Only the lines from the one containing "レンゲン(LENGEN) 束" to the end of the data should be copied, exactly and without pictures.

-------- Task material --------

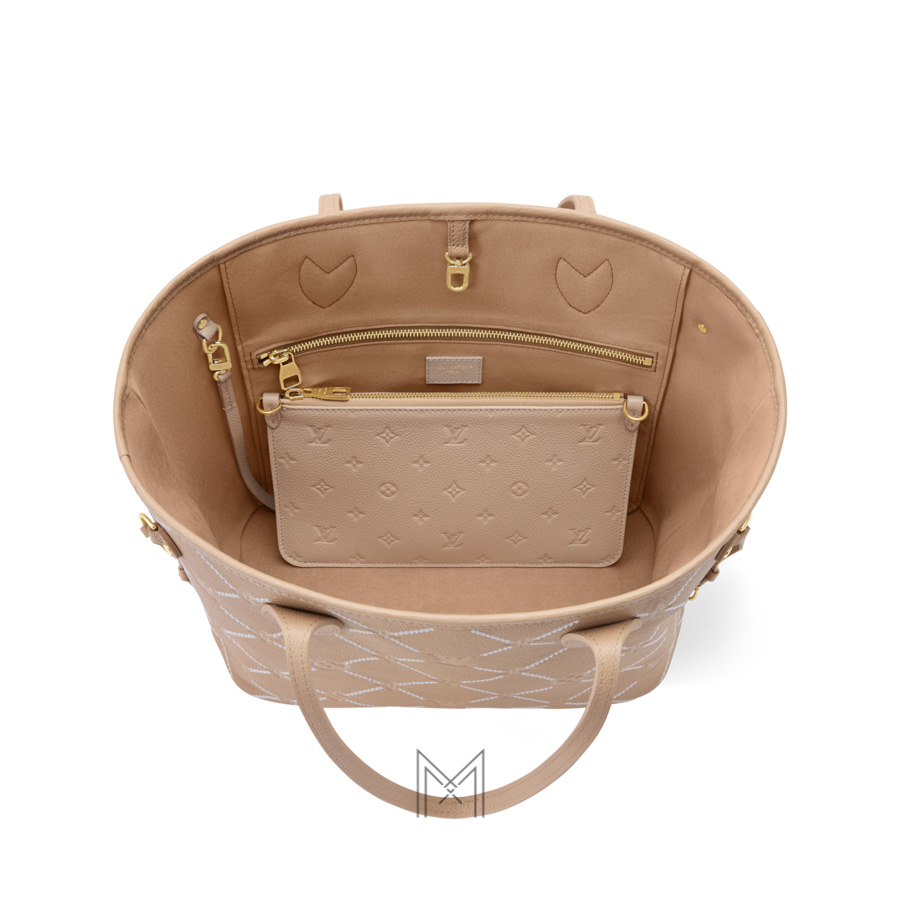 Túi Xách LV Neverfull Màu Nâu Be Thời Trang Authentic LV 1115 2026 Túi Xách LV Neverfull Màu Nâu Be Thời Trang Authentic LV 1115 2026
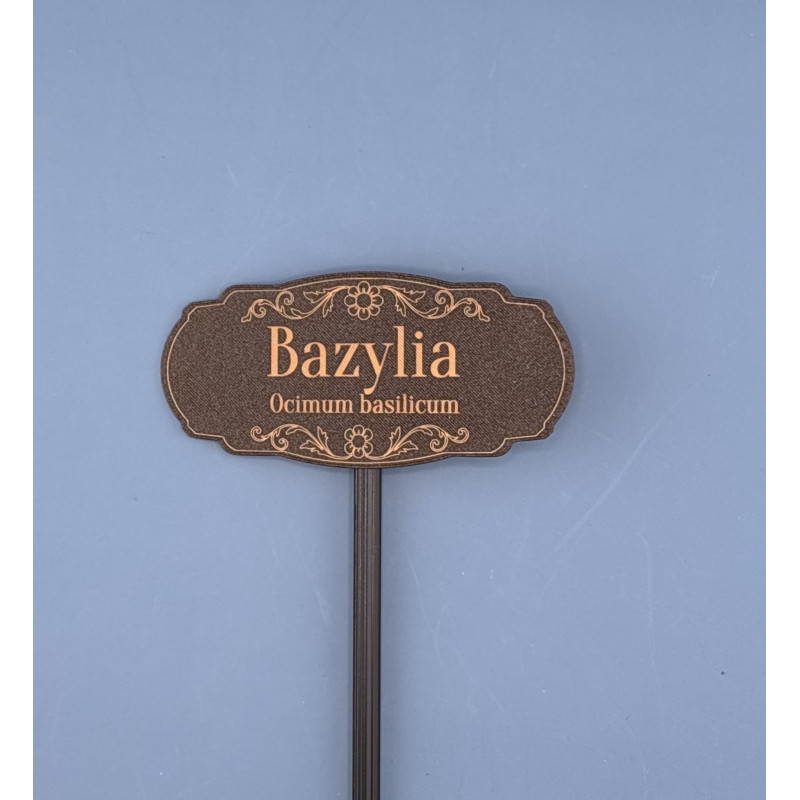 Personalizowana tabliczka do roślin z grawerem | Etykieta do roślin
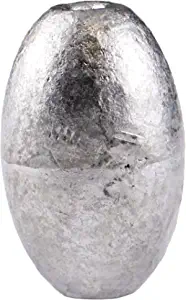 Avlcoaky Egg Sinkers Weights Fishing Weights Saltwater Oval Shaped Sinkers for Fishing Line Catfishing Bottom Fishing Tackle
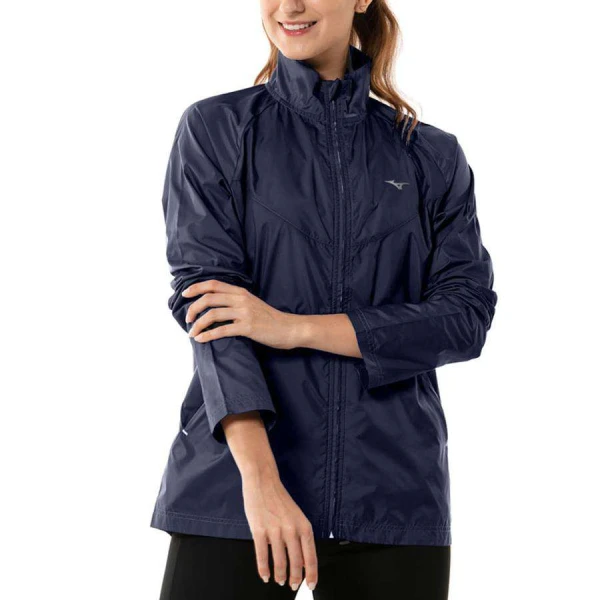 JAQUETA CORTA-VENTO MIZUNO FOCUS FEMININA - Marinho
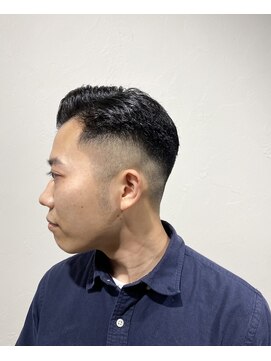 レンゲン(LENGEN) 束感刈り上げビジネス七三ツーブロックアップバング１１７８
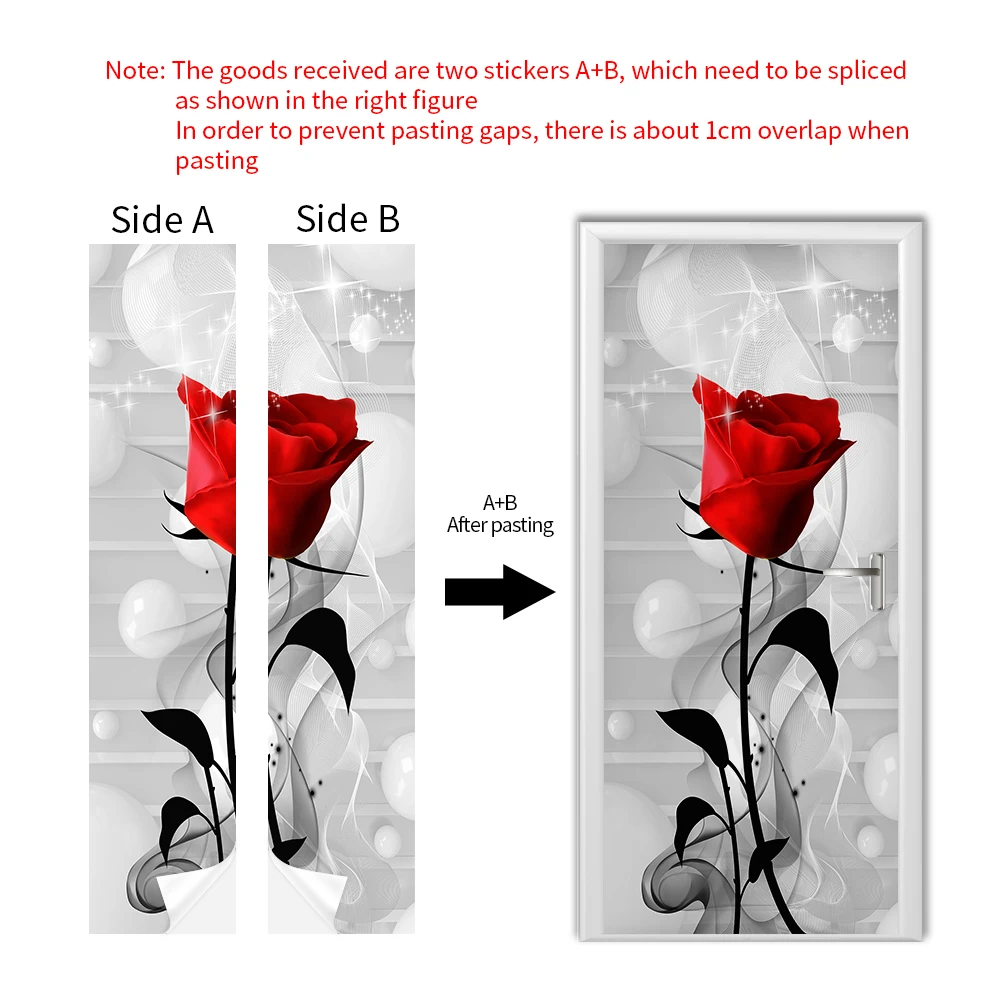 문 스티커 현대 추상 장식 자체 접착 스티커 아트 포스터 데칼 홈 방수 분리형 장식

--------

Response to this task ->
 レンゲン(LENGEN) 束感刈り上げビジネス七三ツーブロックアップバング１１７８
 문 스티커 현대 추상 장식 자체 접착 스티커 아트 포스터 데칼 홈 방수 분리형 장식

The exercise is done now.